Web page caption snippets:

_ _ _ _ _

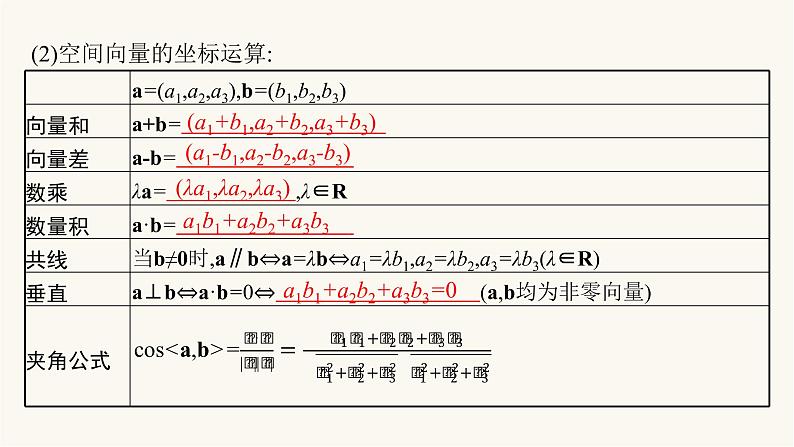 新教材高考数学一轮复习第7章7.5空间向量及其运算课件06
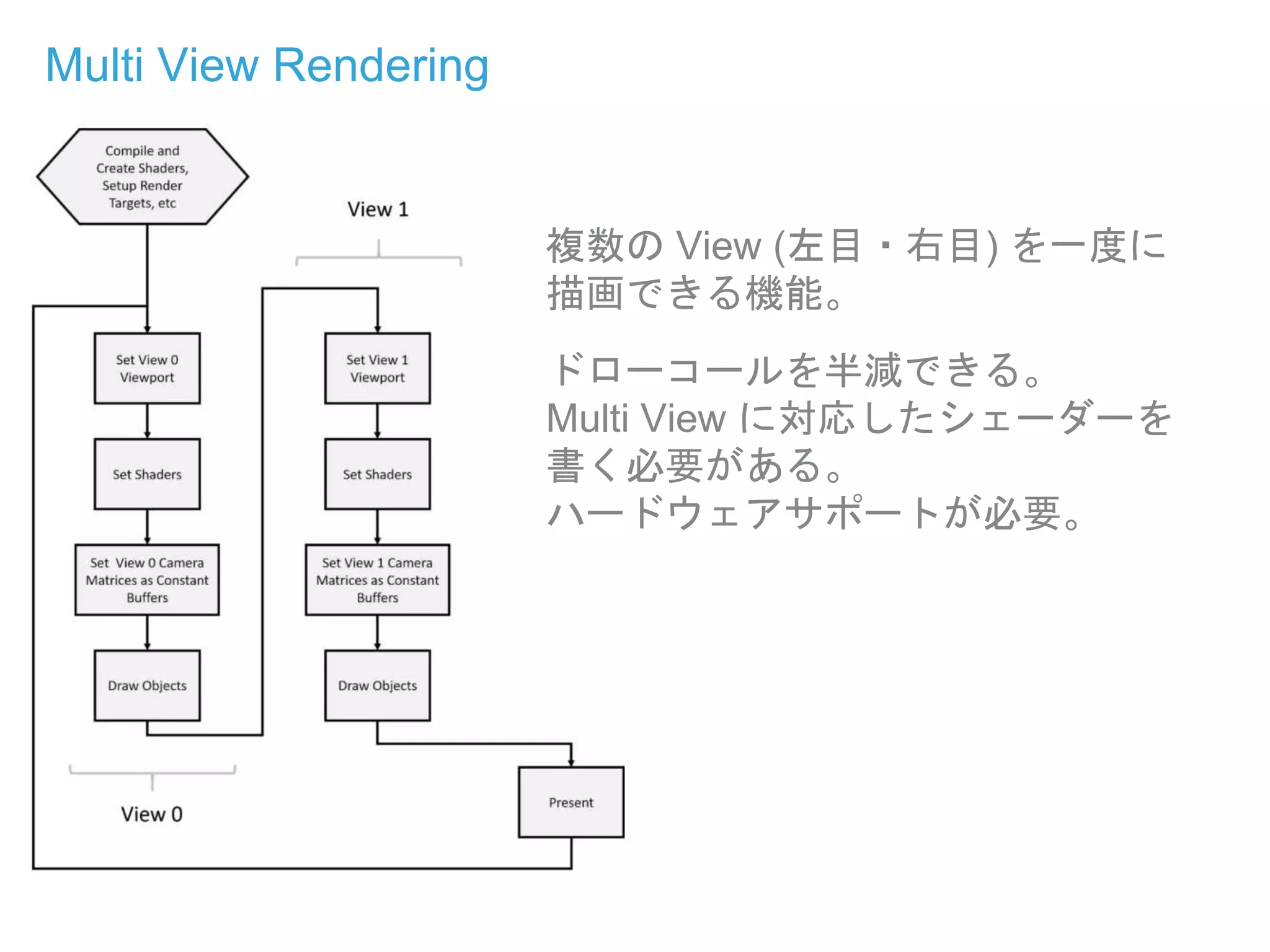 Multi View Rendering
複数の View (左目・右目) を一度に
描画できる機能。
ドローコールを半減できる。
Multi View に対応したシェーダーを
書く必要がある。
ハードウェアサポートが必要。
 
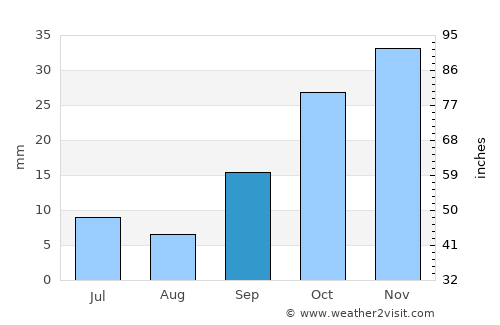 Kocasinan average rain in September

_ _ _ _ _

■ EXERCISE INSTRUCTIONS
The result is an exact copy of the lines from the one holding "ハードウェアサポートが必要。" through the final line of the data above, both ends included, minus the pictures.

■ TASK RESULT
ハードウェアサポートが必要。
 
 Kocasinan average rain in September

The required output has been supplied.